§ EXERCISE PROMPT
Each line of the data below between the one containing "Photo #15 of" and the one containing "ميت باد برو", both included, is to be repeated exactly. Please omit pictures.

§ RECORDS FOR THIS EXERCISE
——————————

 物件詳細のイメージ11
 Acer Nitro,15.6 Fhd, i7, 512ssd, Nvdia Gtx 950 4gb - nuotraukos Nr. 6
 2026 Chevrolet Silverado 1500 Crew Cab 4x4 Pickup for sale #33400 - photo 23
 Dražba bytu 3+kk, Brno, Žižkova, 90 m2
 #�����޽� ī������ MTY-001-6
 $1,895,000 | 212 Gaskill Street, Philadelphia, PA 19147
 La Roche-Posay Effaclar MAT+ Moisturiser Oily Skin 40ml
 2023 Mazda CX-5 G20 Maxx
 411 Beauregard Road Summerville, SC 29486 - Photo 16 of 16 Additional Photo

——————————

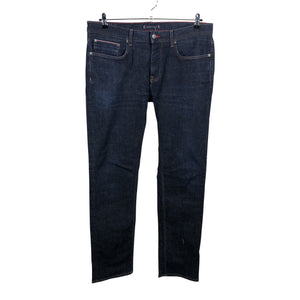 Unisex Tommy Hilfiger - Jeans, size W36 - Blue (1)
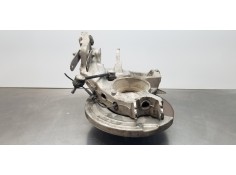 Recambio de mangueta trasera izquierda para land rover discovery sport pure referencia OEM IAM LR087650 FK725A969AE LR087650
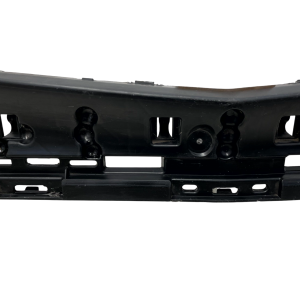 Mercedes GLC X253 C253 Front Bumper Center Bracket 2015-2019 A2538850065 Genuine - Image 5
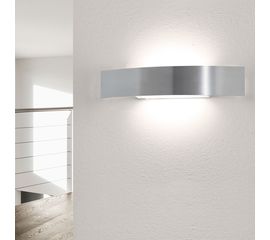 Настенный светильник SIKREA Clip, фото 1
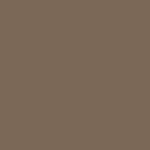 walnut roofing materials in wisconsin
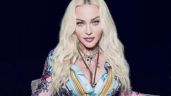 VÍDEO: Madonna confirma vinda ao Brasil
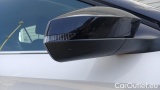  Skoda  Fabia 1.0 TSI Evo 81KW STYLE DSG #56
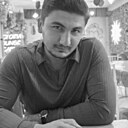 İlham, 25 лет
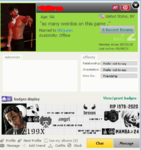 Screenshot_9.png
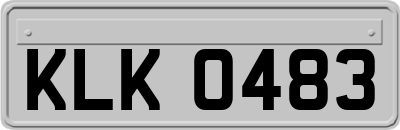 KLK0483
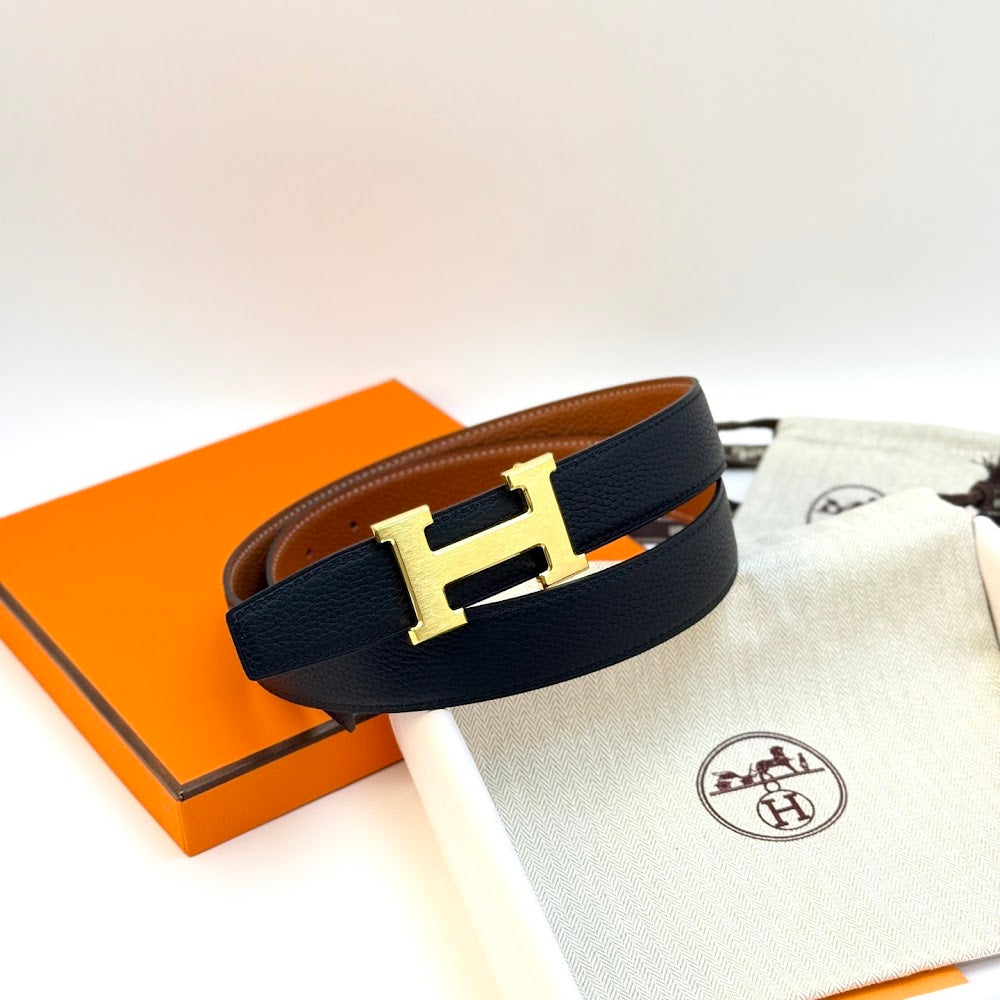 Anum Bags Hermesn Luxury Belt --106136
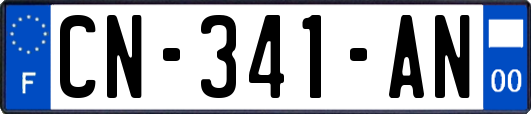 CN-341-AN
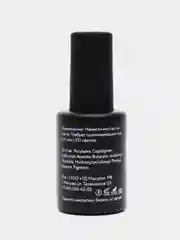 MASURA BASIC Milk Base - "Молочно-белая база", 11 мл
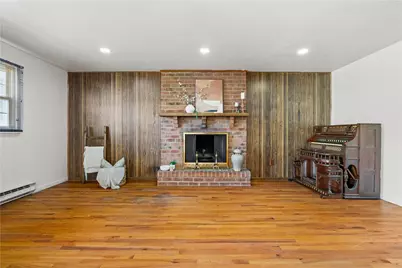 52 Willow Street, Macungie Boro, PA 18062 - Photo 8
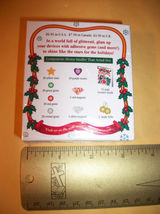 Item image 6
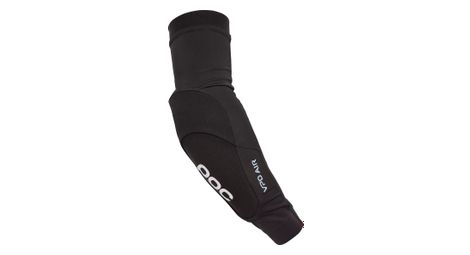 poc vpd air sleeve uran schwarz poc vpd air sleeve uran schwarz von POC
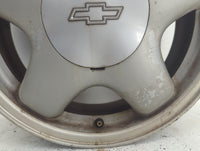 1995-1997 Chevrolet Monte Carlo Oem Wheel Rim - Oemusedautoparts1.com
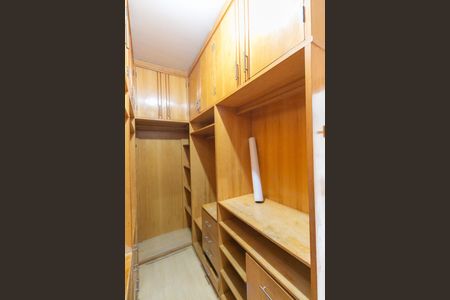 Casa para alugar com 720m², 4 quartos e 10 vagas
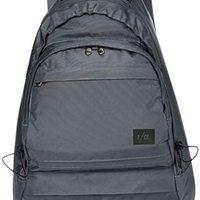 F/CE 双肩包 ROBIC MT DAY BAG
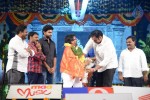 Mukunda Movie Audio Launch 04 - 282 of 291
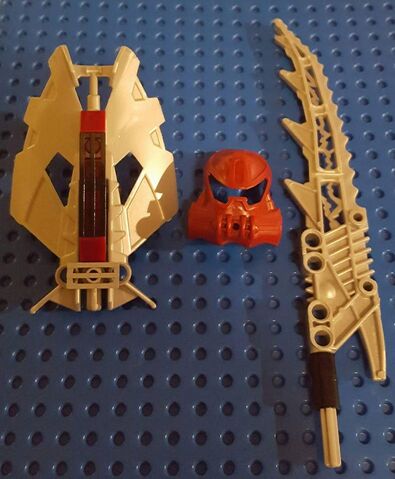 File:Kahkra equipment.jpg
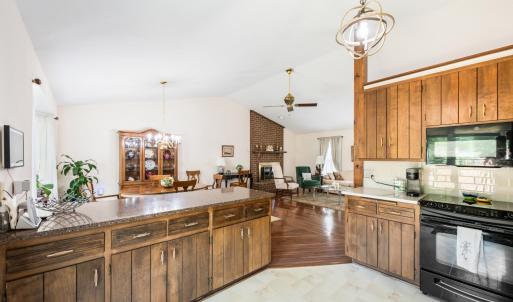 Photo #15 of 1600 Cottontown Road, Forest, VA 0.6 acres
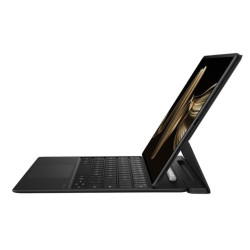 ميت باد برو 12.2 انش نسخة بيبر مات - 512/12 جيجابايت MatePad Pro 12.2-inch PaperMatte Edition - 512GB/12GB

——————————

§ YOUR SOLUTION
 Photo #15 of 1600 Cottontown Road, Forest, VA 0.6 acres
 ميت باد برو 12.2 انش نسخة بيبر مات - 512/12 جيجابايت MatePad Pro 12.2-inch PaperMatte Edition - 512GB/12GB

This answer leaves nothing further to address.